### Stored data
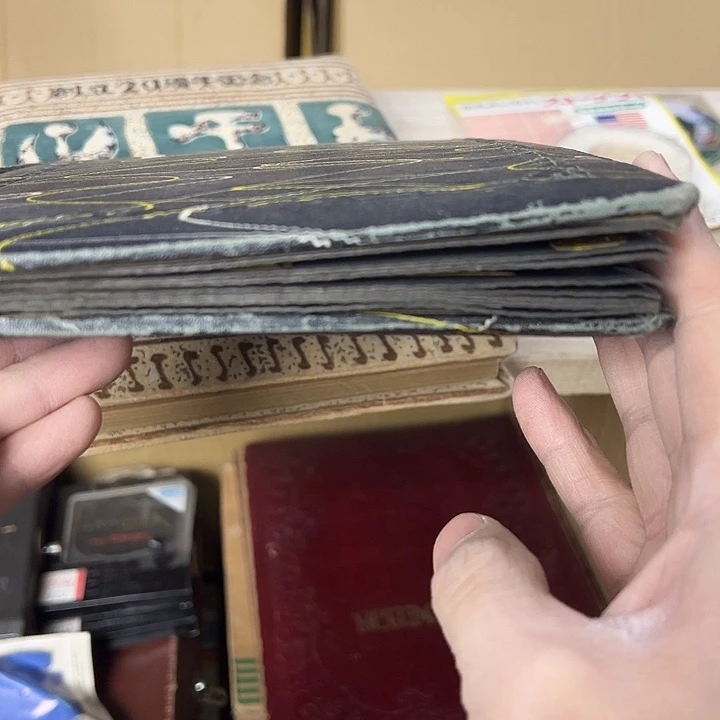 如***清你在干嘛呢我在外面等你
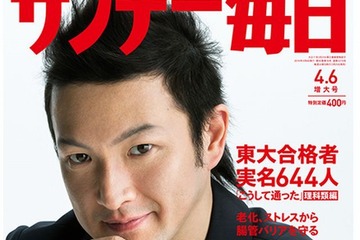 「東大・京大（前・後期）合格者高校ランキング」サンデー毎日・週刊朝日3/25発売 画像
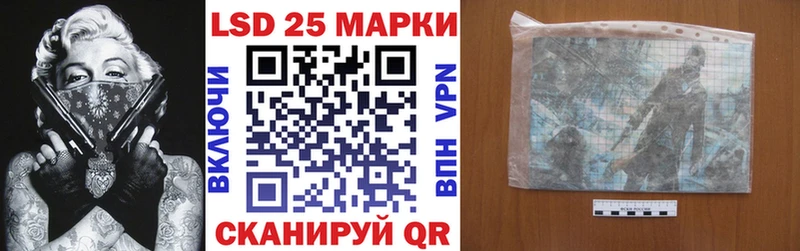 Марки N-bome 1500мкг  даркнет какой сайт  Кисловодск 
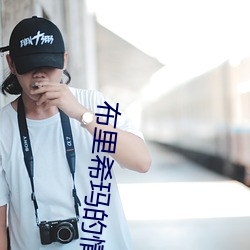 布里希玛的情人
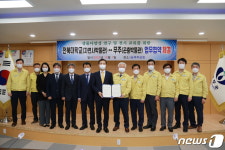 무주곤충박물관-전북대 자연사박물관, 인적·물적 교류 협약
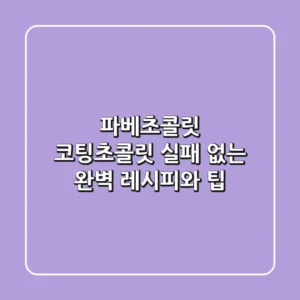 파베초콜릿 코팅초콜릿, 실패 없는 완벽 레시피와 팁 ✨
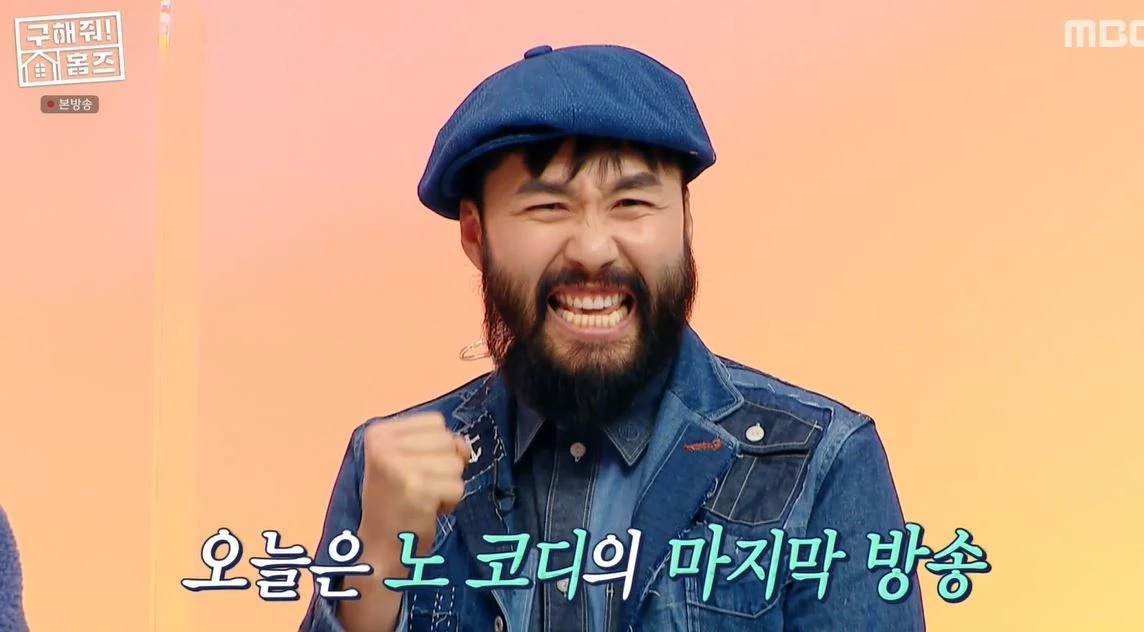 MBC '구해줘 홈즈'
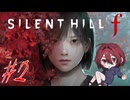 【SILENT HILL f】怖いけど迷推理しつつ頑張る！※ネタバレ注意！☆2【初見実況】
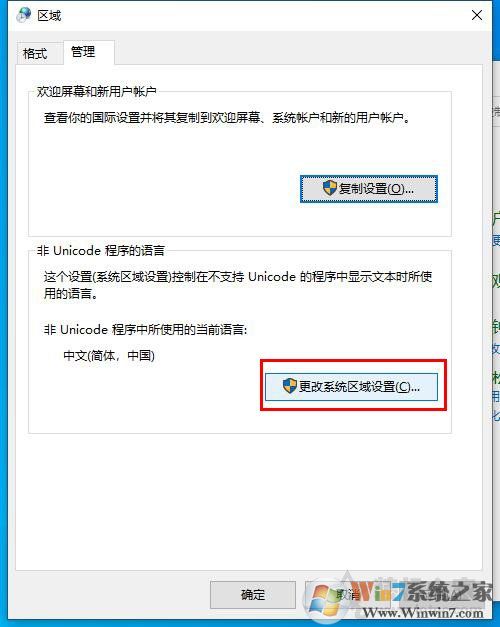 Win10打開軟件出現亂碼的解決方法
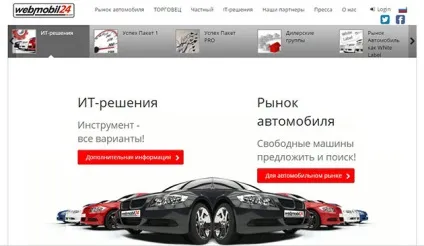 Сайти продажів автомобілів в германии список найкращих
######
## Problem
From the line that contains "파베초콜릿 코팅초콜릿, 실패 없는 완벽 레시피와 팁 ✨" to the last line of the data above, inclusive, transcribe every line exactly and only those lines, omitting pictures.

## Task result
 파베초콜릿 코팅초콜릿, 실패 없는 완벽 레시피와 팁 ✨
 MBC '구해줘 홈즈'
 【SILENT HILL f】怖いけど迷推理しつつ頑張る！※ネタバレ注意！☆2【初見実況】
 Win10打開軟件出現亂碼的解決方法
 Сайти продажів автомобілів в германии список найкращих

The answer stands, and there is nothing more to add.